City Council members, environmentalists and students rallied at City Hall Tuesday to push for a fee on plastic bags in the Big Apple.

A city bill under consideration would place a 10-cent fee on disposable plastic and paper bags from grocery stores and restaurants.

Currently, 20 council members are in favor of the bill, six shy of the 26 needed for passage. The public advocate also supports the measure. Mayor Bill de Blasio has not officially weighed in on the issue since taking office.

Supporters said the bags cost the city environmentally and financially. “Reducing our disposable bag waste is a simple shift in habits we can all make that will help the environment immensely,” said Councilman Brad Lander, who introduced the bill.

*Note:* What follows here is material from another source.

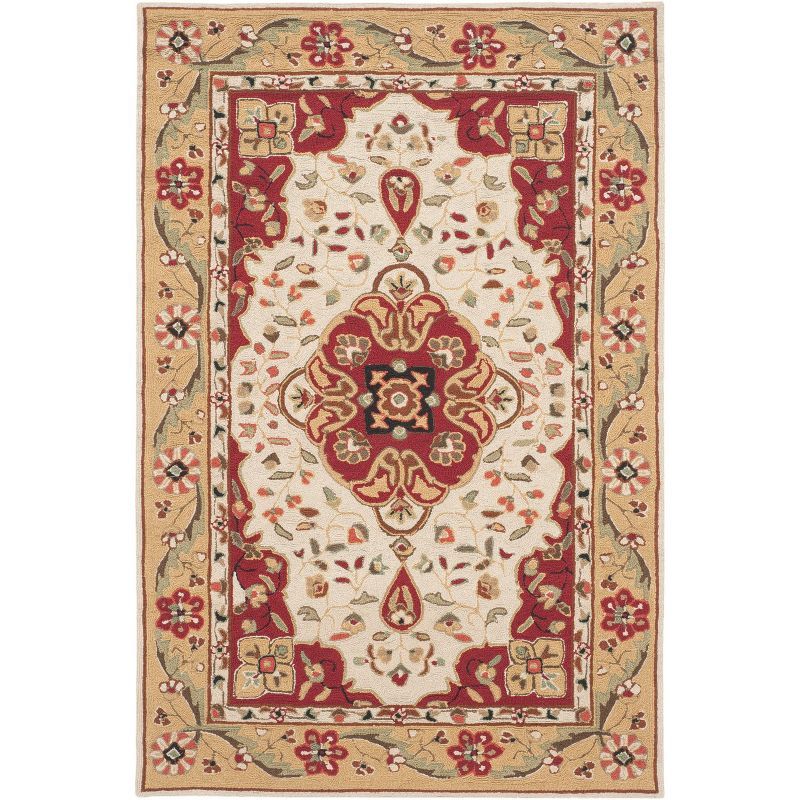 Handmade Cream and Red Synthetic 4' x 6' Area Rug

New Yorkers use 5.2 billion bags annually and the city spends $10 million a year to dispose 100,000 bags from landfills, according to the Sanitation Department.

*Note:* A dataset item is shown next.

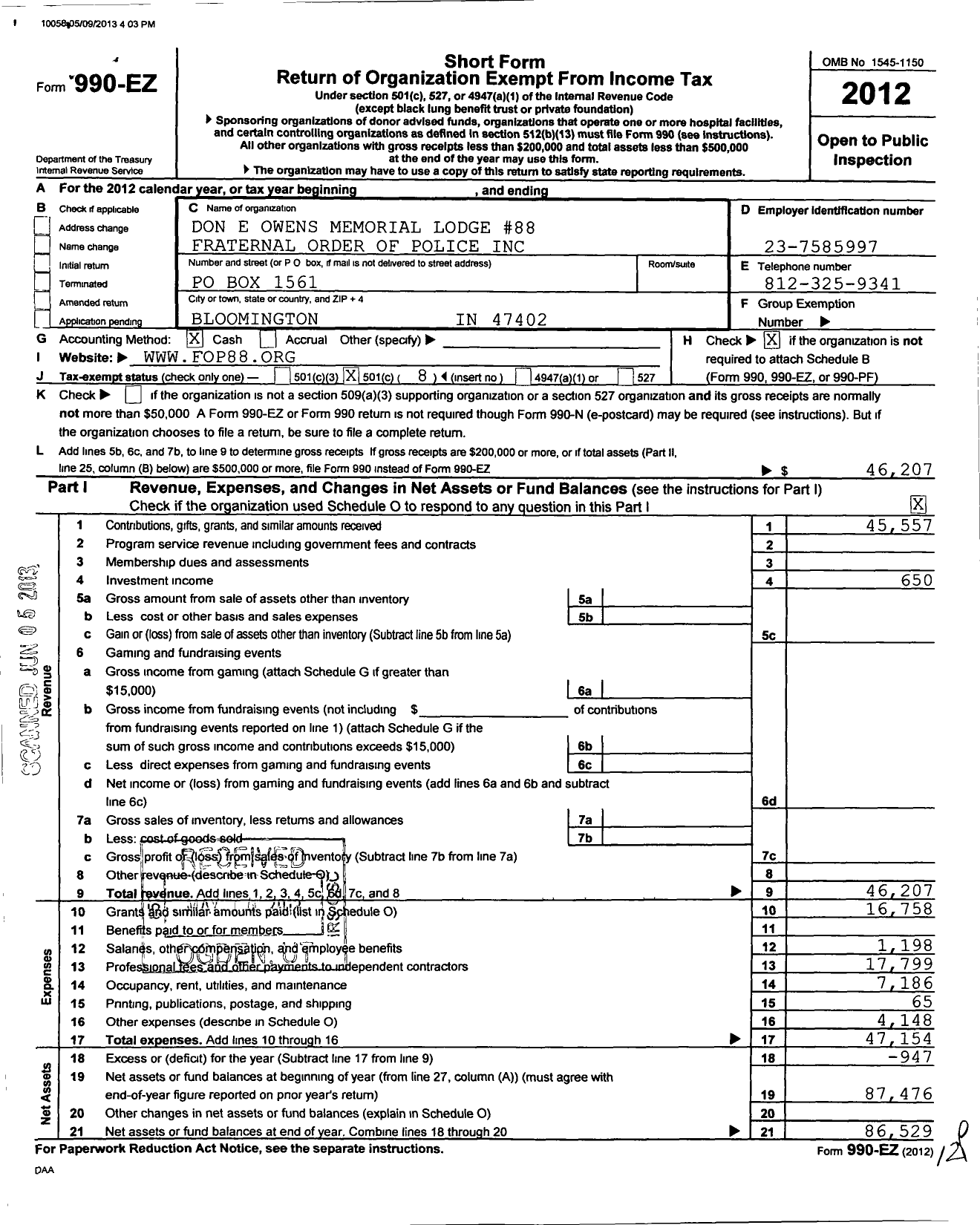 Image of first page of 2012 Form 990EO for Don E Owens Memorial Lodge 88 Fraternal Order of Police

Other cities such as Los Angeles, Honolulu and Washington, D.C., have undertaken similar bans and reduced consumption by as much as 95%.

A hearing is slated for October, but in the meantime, council members and other environmental organizers have began a campaign to promote reusable bags.

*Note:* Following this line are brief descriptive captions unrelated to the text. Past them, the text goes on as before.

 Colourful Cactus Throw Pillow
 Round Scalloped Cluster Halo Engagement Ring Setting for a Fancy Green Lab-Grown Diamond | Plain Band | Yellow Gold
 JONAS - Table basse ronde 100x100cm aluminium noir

The #BYOBag Week started Monday and challenges New Yorkers not to use

plastic or paper bags the entire week.
New York League of Conservation Voters president Marcia Bystryn said the experiment should open the public’s eyes to environmentally friendly shopping alternatives.

“Sometimes environmental problems can seem too big or too far away for people to feel like they can make a difference, but with the #BYOBag challenge, every New Yorker can make a positive impact, right now,” she said.